The data regarding pre-trial supervision was shared at a May 25 Denver City Council Safety, Housing, Education and Homelessness committee
"This conversation around a PR bond or a money bond being a driver to crime doesn’t make sense, and it’s not supported by the data," said Greg Mauro, director of the Denver Division of Community Corrections
. "That’s a bond type. Both have failure and both will get out. What we’re trying to do is make it a more equitable system by not allowing individuals with financial means to get out and those who do not to stay in."
Denver City Councilwoman Jamie Torres.
The Denver City Council members at the meeting thanked Mauro for the data dump, which debunked what's become a major talking point during discussions of the rising crime rate.
"This is illuminating information, because I think there’s this sentiment out in the public that if you’re out on bond and if you’re out on a PR bond, that you’re more likely to commit another crime, which your data is not proving," Councilwoman Amanda Sandoval
Hancock and Denver Police Chief Paul Pazen, who's echoed the mayor's comments, are not alone in pointing a finger at "bond reform." George Brauchler, a Republican radio talk-show host who previously served as district attorney for the 18th Judicial District, has also suggested that bond reform is to blame for Colorado's increasing crime rate. Brauchler co-authored a crime study
with former Denver district attorney Mitch Morrissey, a Democrat, for the Common Sense Institute
, a right-leaning Colorado think tank.
"It is simply undeniable that the legislature over the last decade or so has made it easier to decrease penalties for criminal conduct," Brauchler previously told Westword
, noting that PR bonds and an uptick in crime "seems to be happening at the same time."

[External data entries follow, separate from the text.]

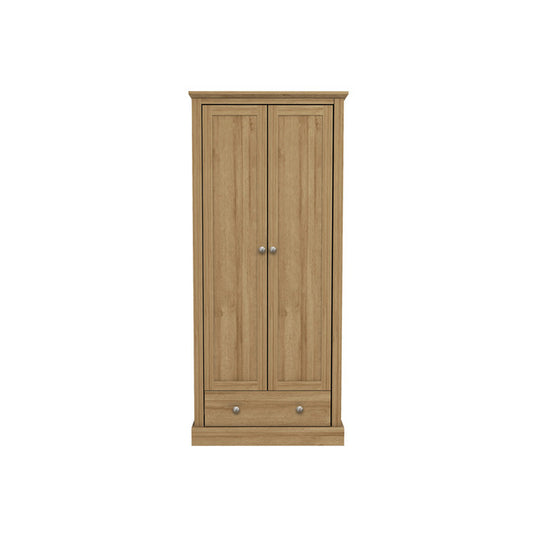 Luminosa Living Dallas 2 Door Wardrobe - Oak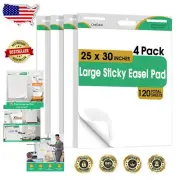 Large Format 25x30 Inch Self-Stick Flip Chart Paper - Perfect for Presentations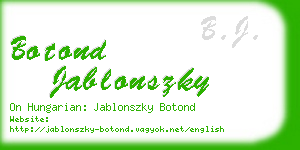 botond jablonszky business card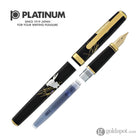 Platinum Classic Maki-e Fountain Pen with Moon and Rabbit Design - 18K Gold Fountain Pen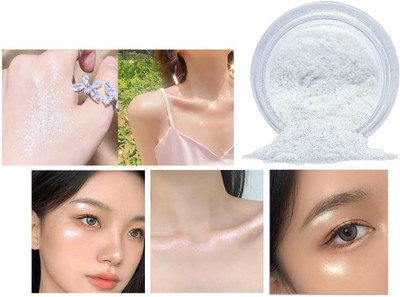 BLUEMERMAID FACE & BODY SHIMMERY HIGHLIGHTER POWDER WATERPROOF Highlighter(WHITE)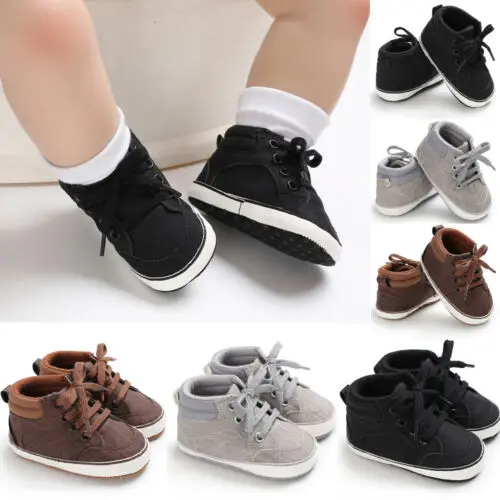 

Warm Baby Shoes Toddler Boys Girls Anti-Slip First Walker Casual Trainer Sneaker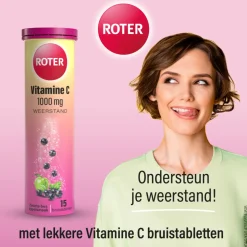 2x Roter Vitamine C 1000 mg Appel- Zwarte Bes 15 bruistabletten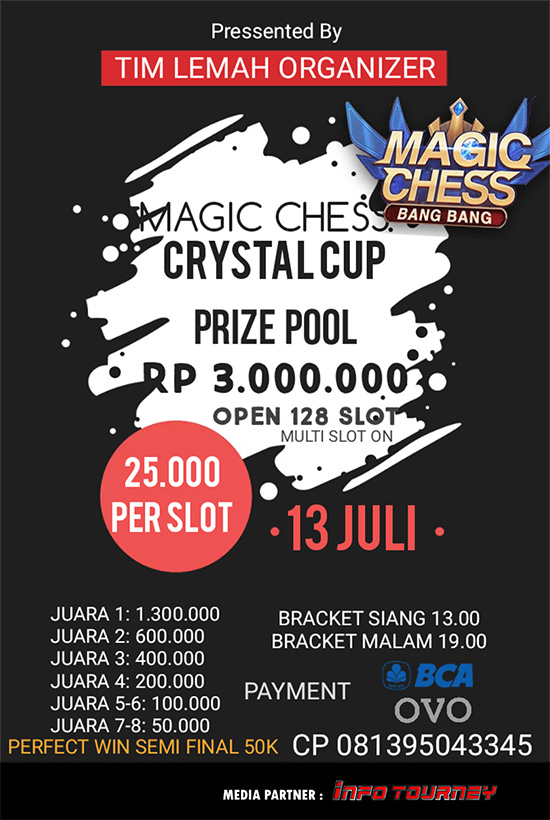 turnamen magic chess magicchess juli 2020 crystal cup poster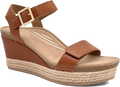 Quarter turn view Women's Aetrex Footwear style name Sydney in color Cognac. Sku: EW718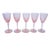 Cambridge Glass Company 1929 Cambridge Glass Pink Etched Cordial Glasses, Etch 740, Set of 5 For Sale - Image 4 of 13
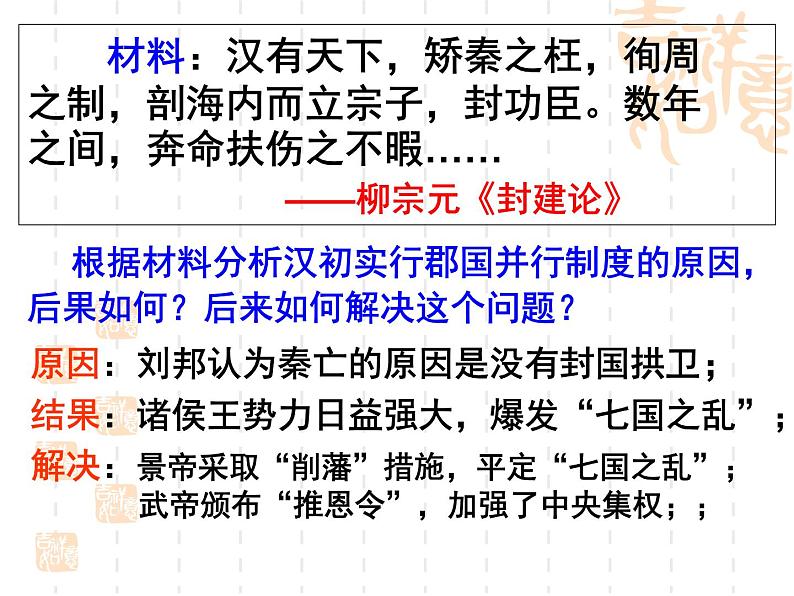 北师大版高中历史必修1 第3课从汉至元的政治制度的演变(课件)第8页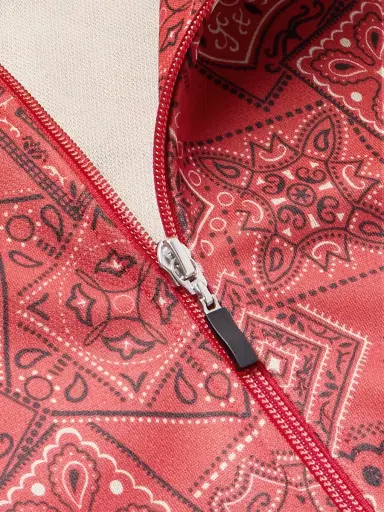 KAPITAL Cookie Bandana-Print Striped Shell Track Jacket - Men | Thumbnail 4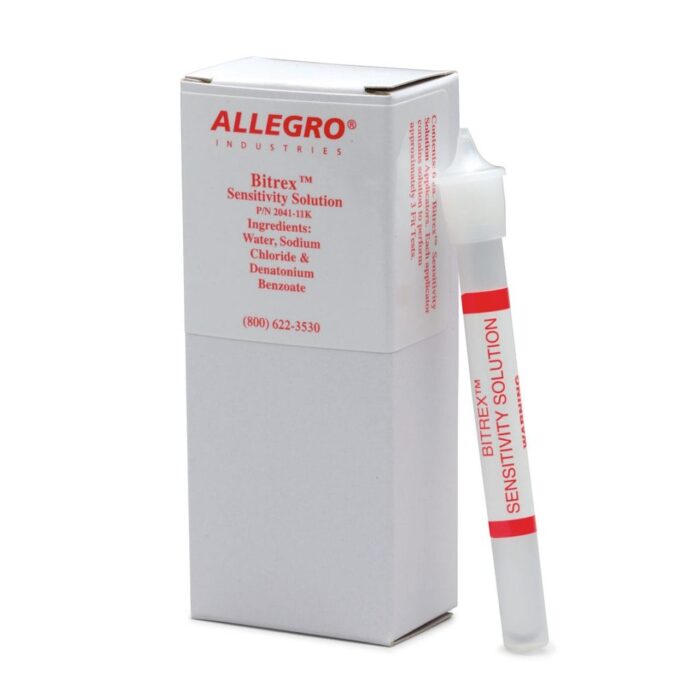 Allegro 2041 Bitrex sensitivity and fit test solutions (6 of each)
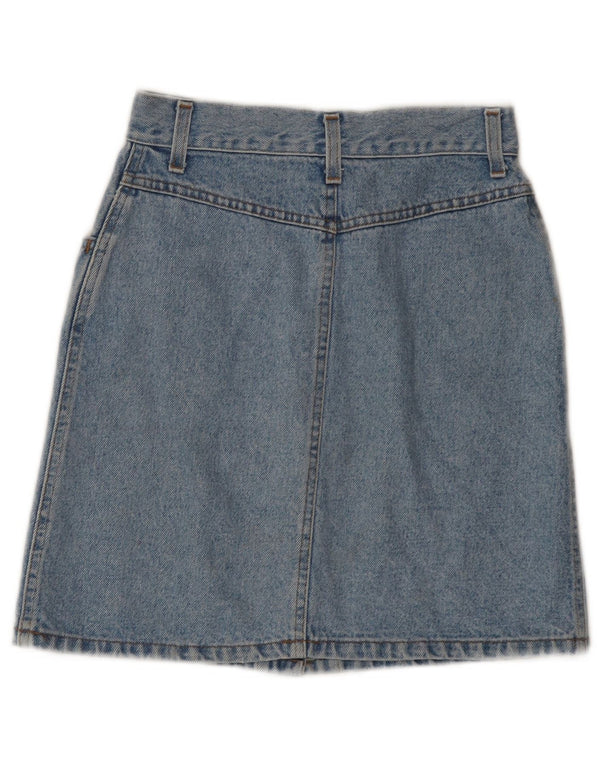 Vintage Womens Denim Skirt IT 40 Small W25 Blue Cotton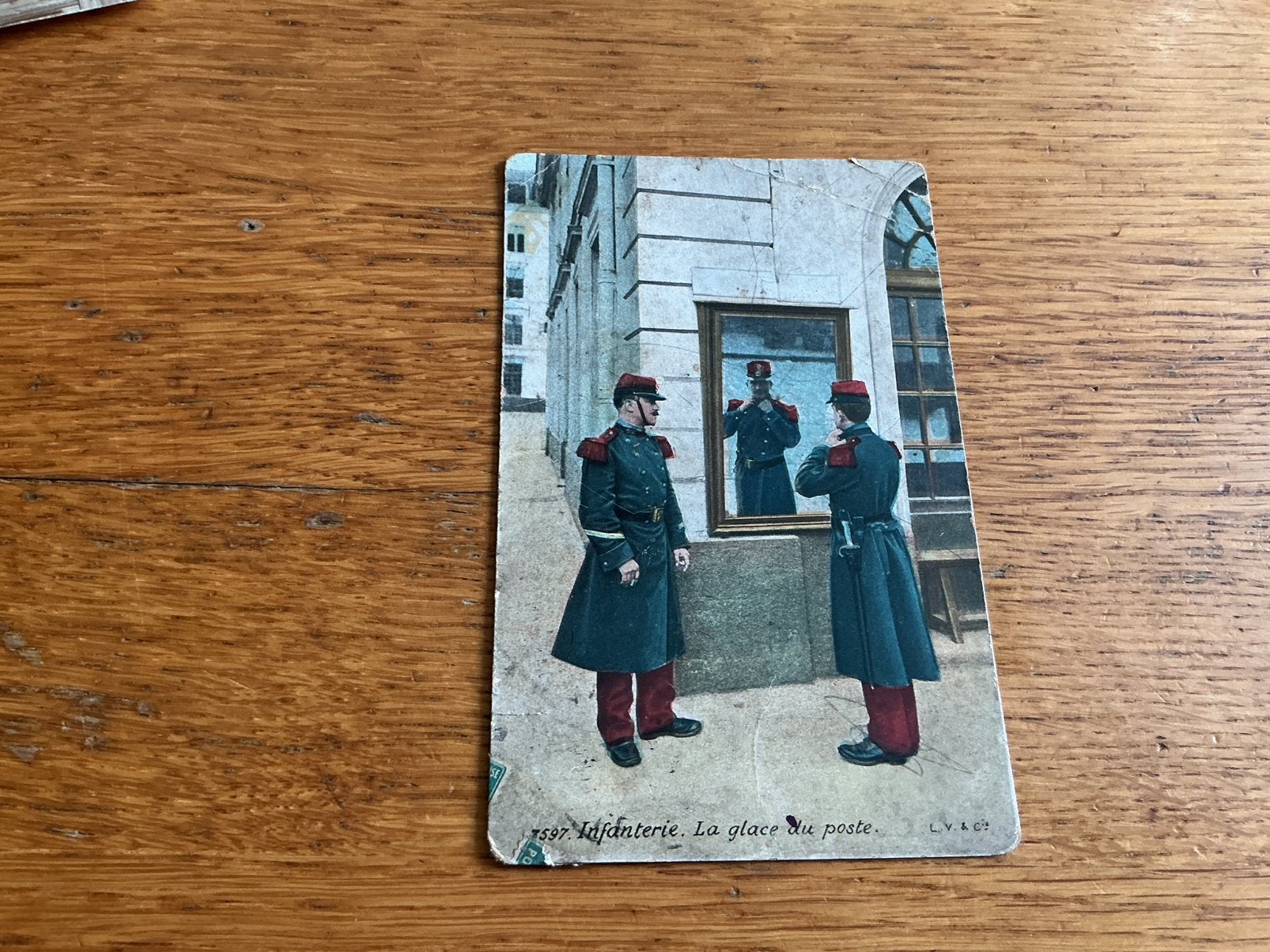 M155 militair beschadigt, Ophalen of Verzenden, Voor 1920, Overige thema's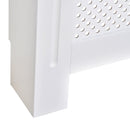 Copritermosifone in Legno a Griglia Bianco 78x82x19 cm 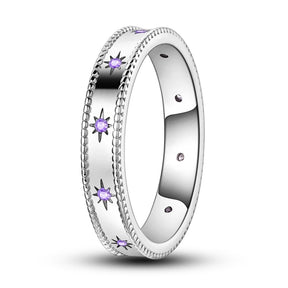Anillo Arcoíris Elegancia - Plata 925 con Circonita en Forma de Gota de Agua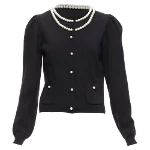 Black Polyester Moschino Cardigans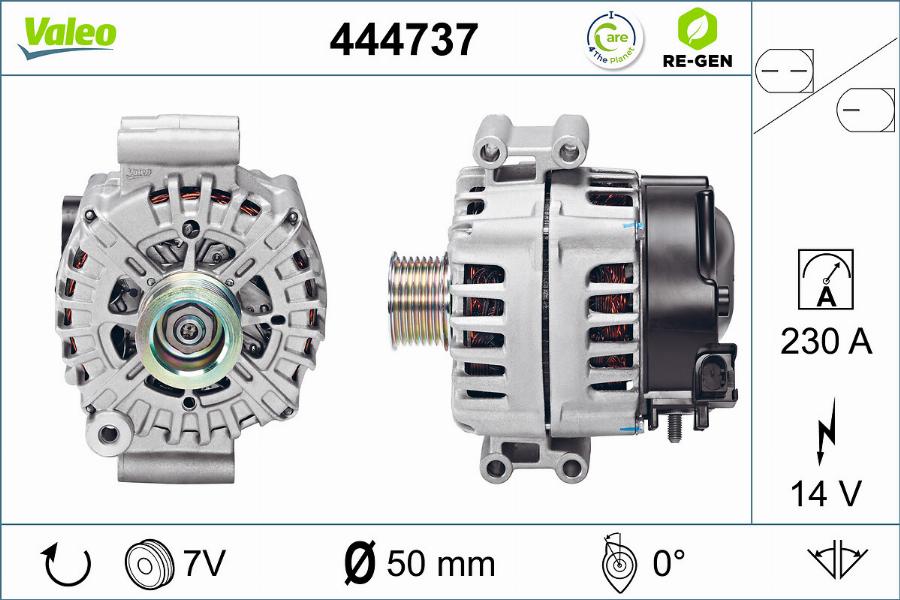 Valeo 444737 - Laturi inparts.fi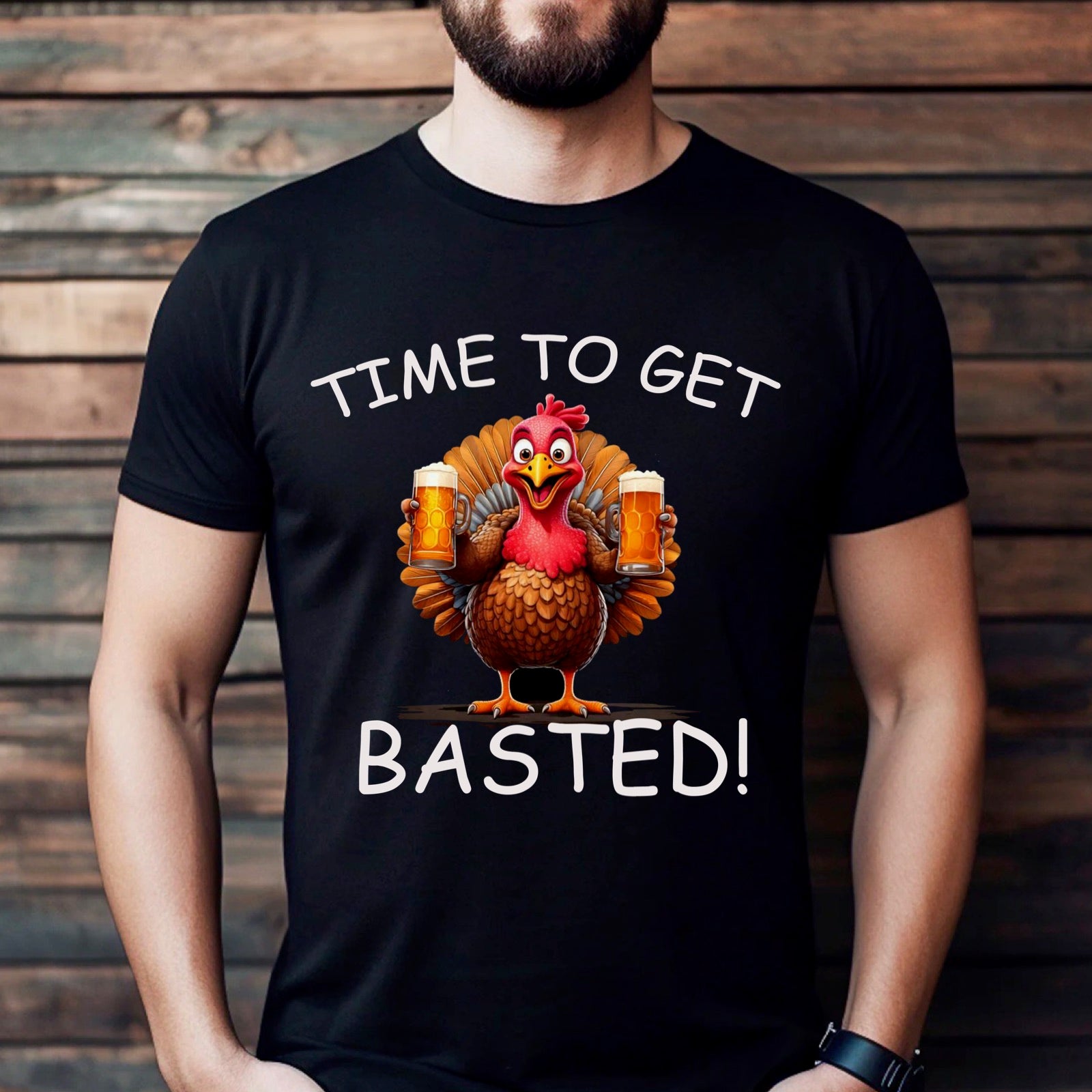 "Time To Get Basted" Premium Midweight Ringspun Cotton T-Shirt - Mens/Womens Fits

"My reflection is there is nothing new here and that Pazen and Hancock have been looking for a bogeyman, and without any data to support it have been calling it 'pretrial reform,'" Wallace says. "It distracts us from finding the real problem and the real solutions."
Hancock's office did not respond to a request for comment.
"One of the clearest takeaways from Greg’s presentation was that we cannot blame our crime wave on low-income people," says Denver City Councilwoman Jamie Torres, who calls the data a "direct contradiction" to what Hancock and Pazen have been saying.
"I don’t think it does us any service to put all our attention on something that is clearly not the cause of crime," she concludes.